Nowhere in this output is the actual missing trait (AsExpression) mentioned, nor is the type parameter we care about (sql_types::Integer), which is the most important piece of information ever mentioned.

The final motivation for this attribute is actually to help Rust give transitive impls when it currently isn’t. The only time Rust will recommend implementing trait T in order to get an implementation of trait U is if there is only one such impl which could potentially apply to your type that would result in that behavior.

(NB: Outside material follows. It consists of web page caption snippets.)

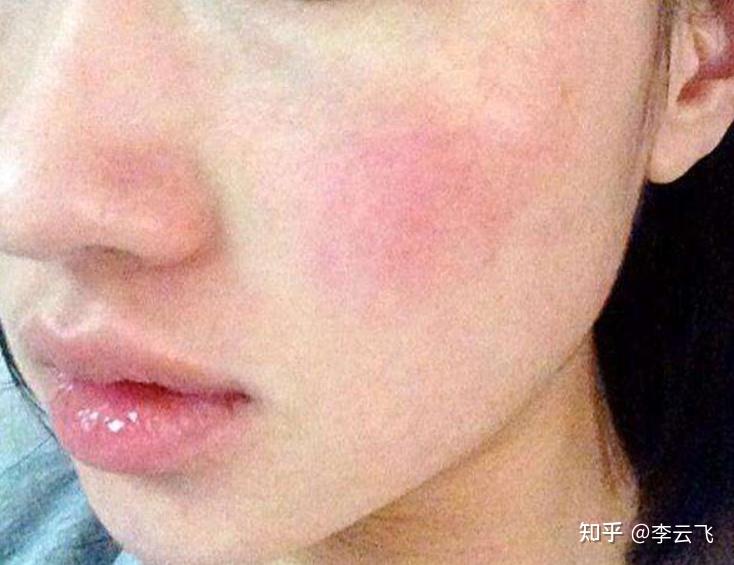 敏感皮肤怎么改善四大改善要点要谨记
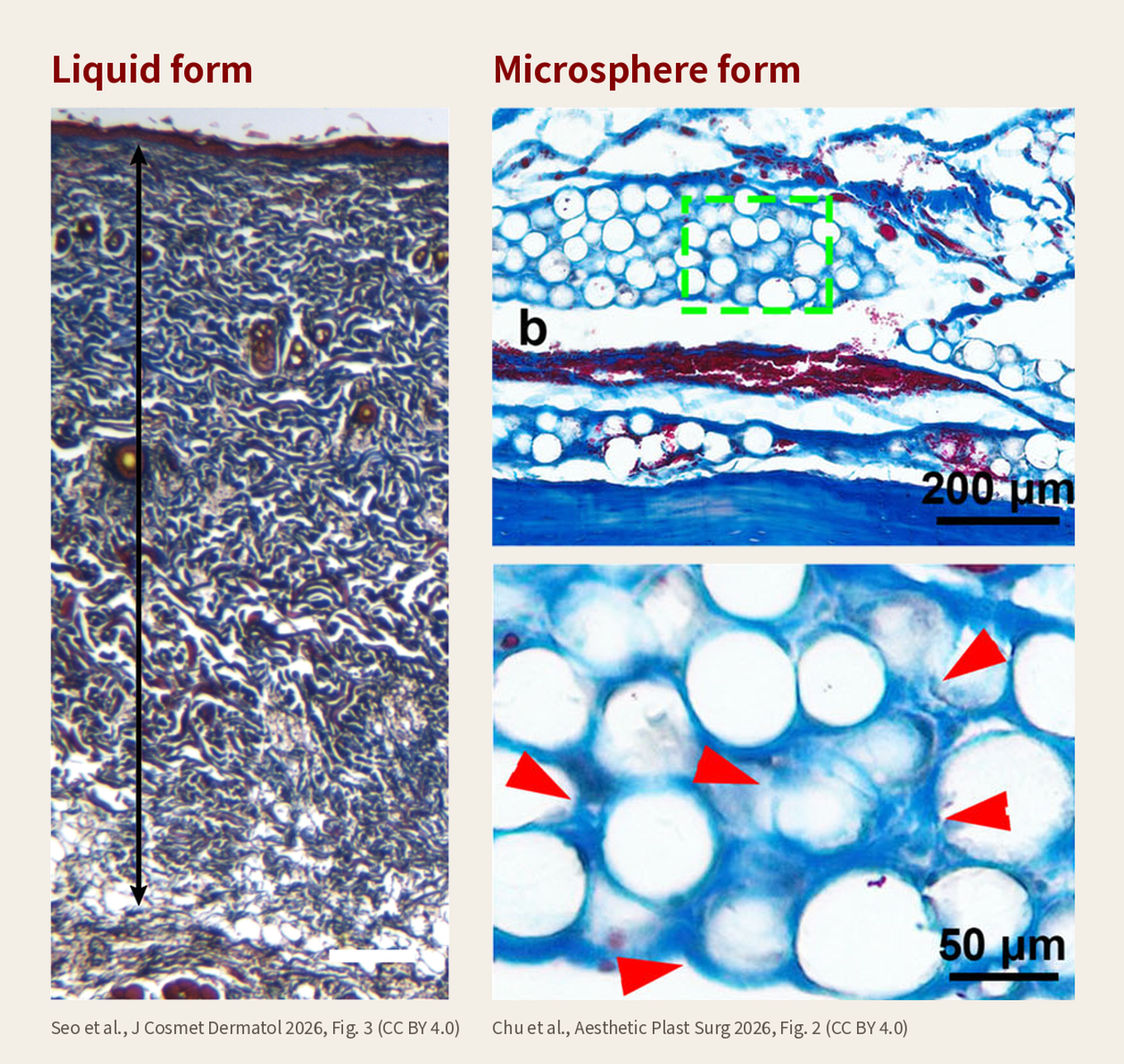 Two published tissue images side by side: on the left, dermis injected with liquid PCL shows no round particles and collagen spread through the dermis; on the right, tissue from a microsphere PCL filler shows clusters of round microspheres with collagen fibers around them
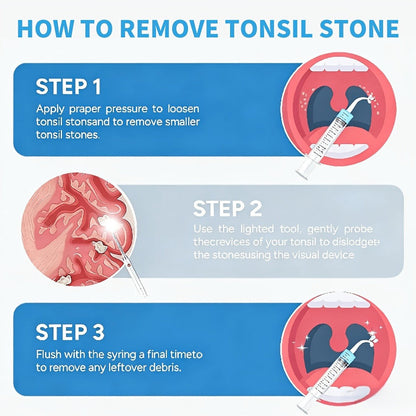 Tonsil Stone Remover with Camera 1080P HD Visual Oral Care Kit - 6 LED Lights, 5 Stainless Steel Tips
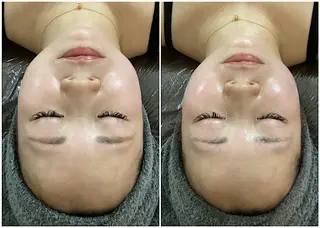 ize 横浜店のエステ・リラクイメージ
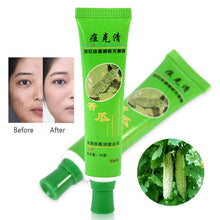 30g Acne Cream Blain Products Desalt Blain To Imprint Face Cream Face Treatment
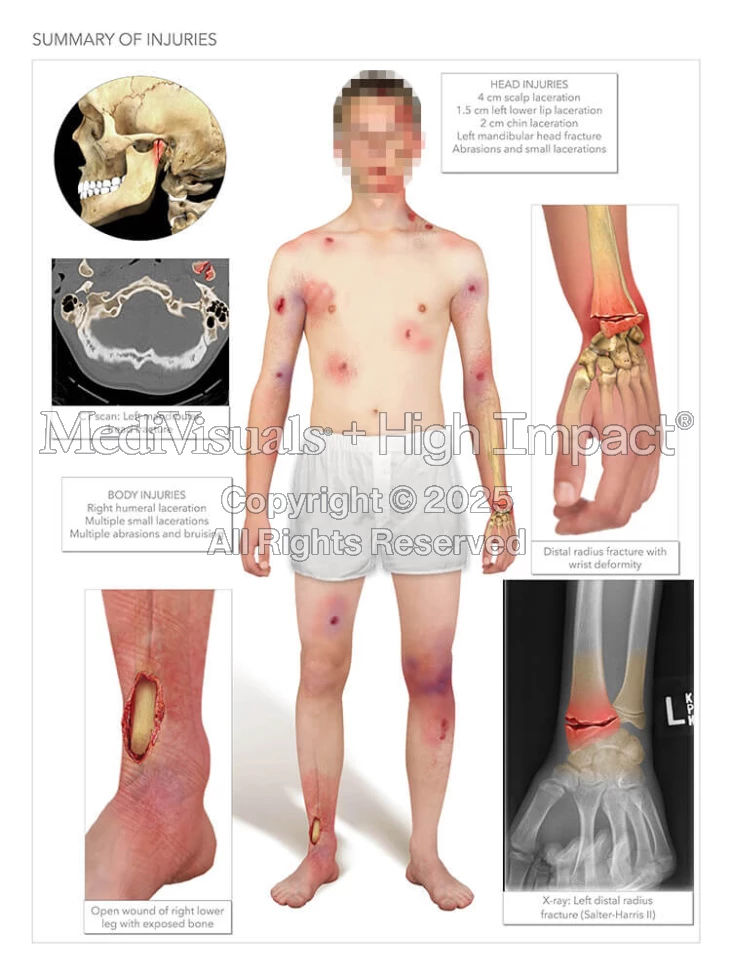 Injury Summary - Legal Graphics
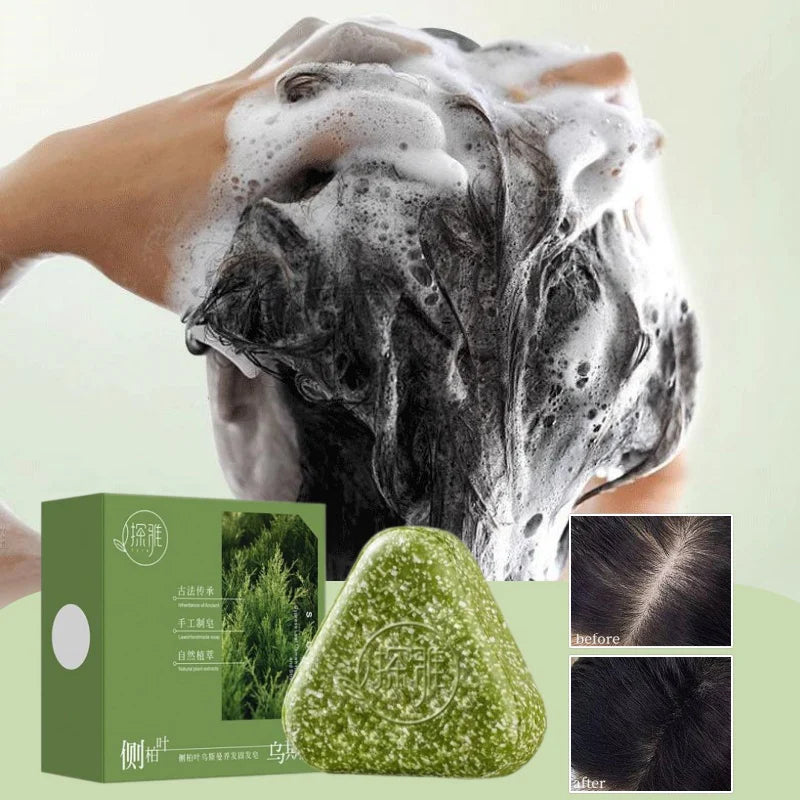 Natural Hair Loss Control Soap Hair Loss Control Oil Control Activates Follicles Handmade Herbal Shampoo Bar For Men Women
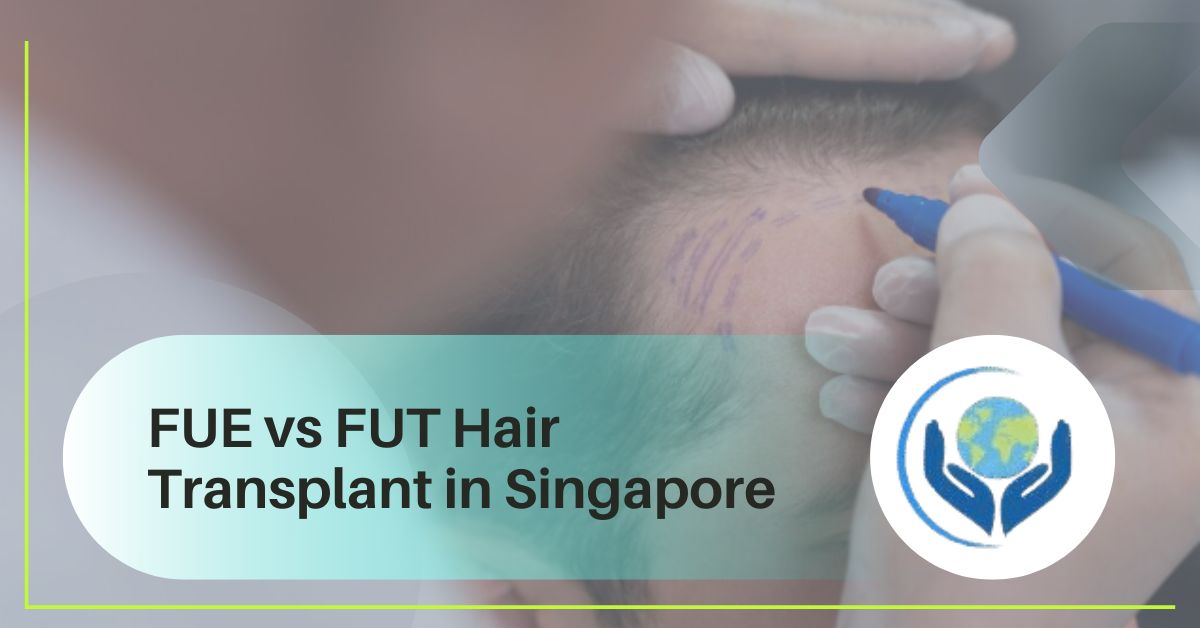 FUE vs FUT Hair Transplant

For example, Diesel has to provide a special impl to insert more than one row at a time on SQLite, which doesn’t have the keywords needed to safely do this in a single query. However, on older versions of Diesel, if there is something missing that causes that insert statement to not be valid, Rust will just give up because it doesn’t know if you wanted the “normal way to insert a thing” impl to apply, or the “insert an iterator on SQLite” impl to apply. In the best case this would result in “InsertStatement<{30 page type}>: ExecuteDsl<Sqlite> is not satisfied”, which is not helpful, but at least it’s not actively misleading. In the worst case it would result in “YourRandomStruct: Iterator is not satisfied. Perhaps you need to implement it?” which is just complete nonsense.

With this annotation, Rust would know that it should never recommend the impl related to Iterators, and will always give diagnostics as if the “normal way to insert a thing” impl were the only one that existed.

Guide-level explanation

Since the diagnostics around this RFC aren’t ever mentioned in a guide, I’m not sure there would be a guide level explanation, but here goes:

Let’s imagine you have the following traits:

pub trait Foo {

pub trait Bar {

impl<T: Foo> Bar for T {

If you tried to call a function that expects T: Bar with a type that does not implement Bar, Rust will helpfully notice that if T implemented Foo, it would also implement Bar. Because of that, it will recommend that you implement Foo instead of Bar.

This is usually the desired behavior, but in some cases it can result in confusing error messages. Perhaps when a function expects Bar and it’s not implemented, it would never make sense to implement Foo for that type. In this case, we can put #[do_not_recommend] above our impl, and Rust will never recommend implementing Foo as a way to get to Bar.

Reference-level explanation

During trait resolution, Rust will attempt to lower a query like IntoIterator(?T) into a series of subqueries such as IntoIterator(?T) :- Iterator(?T). If only one such subquery exists, it will be used for error diagnostics instead.

With this RFC, for the purposes of diagnostics only, impls annotated with #[do_not_recommend] will be treated as if they did not exist. This means that cases where there would have been one subquery will be treated as if there were 0, and cases where there were 2 will be treated as if there were 1.


While this attribute only affects diagnostics, it is inherently tied to how trait resolution works. This could potentially complicate work happening on the trait system today (particularly with regards to chalk).

Rationale and alternatives

  • The vast majority of cases where this would be used are for traits and impls that look very similar to Iterator and impl<T: Iterator> IntoIterator for T. We could potentially instead try to improve the compiler’s diagnostics without this attribute, to detect those cases.

Prior art

The author is not aware of any prior art regarding this feature.

Unresolved questions

  • What other names could we go with besides #[do_not_recommend]?